## Task goal
Please look for the string "food" below and report every line in which it occurs.

## Supplied entries
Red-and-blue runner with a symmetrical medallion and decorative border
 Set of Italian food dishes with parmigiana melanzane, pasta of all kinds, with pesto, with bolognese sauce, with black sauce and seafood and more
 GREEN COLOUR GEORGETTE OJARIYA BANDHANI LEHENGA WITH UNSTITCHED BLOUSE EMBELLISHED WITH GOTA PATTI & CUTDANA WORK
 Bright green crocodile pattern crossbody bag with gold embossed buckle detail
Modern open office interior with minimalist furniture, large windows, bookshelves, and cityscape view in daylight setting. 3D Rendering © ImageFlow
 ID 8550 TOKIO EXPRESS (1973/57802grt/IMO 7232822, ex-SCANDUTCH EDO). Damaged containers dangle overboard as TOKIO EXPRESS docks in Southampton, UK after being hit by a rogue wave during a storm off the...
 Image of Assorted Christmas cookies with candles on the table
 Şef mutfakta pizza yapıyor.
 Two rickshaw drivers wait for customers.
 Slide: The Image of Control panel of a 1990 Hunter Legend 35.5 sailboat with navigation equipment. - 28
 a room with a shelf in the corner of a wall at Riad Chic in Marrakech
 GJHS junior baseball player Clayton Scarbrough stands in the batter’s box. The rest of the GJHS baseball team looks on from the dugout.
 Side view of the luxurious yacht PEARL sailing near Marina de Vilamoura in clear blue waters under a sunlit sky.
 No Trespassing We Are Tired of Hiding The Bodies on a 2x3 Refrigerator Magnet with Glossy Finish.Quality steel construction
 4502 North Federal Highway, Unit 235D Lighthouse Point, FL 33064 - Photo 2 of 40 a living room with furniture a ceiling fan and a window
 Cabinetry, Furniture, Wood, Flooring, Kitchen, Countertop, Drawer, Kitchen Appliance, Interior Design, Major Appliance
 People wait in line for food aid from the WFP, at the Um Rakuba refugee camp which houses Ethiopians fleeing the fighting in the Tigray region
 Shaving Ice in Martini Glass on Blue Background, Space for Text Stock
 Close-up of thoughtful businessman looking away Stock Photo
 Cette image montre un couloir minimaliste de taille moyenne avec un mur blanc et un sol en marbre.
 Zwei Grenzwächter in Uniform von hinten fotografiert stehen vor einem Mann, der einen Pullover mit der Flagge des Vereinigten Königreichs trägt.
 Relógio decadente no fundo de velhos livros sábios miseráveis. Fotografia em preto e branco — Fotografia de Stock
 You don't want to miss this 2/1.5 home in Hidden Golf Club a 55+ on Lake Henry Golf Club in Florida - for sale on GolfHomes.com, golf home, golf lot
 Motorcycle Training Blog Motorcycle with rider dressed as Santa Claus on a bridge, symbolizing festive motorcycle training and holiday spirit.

## Answer area
 Set of Italian food dishes with parmigiana melanzane, pasta of all kinds, with pesto, with bolognese sauce, with black sauce and seafood and more
 People wait in line for food aid from the WFP, at the Um Rakuba refugee camp which houses Ethiopians fleeing the fighting in the Tigray region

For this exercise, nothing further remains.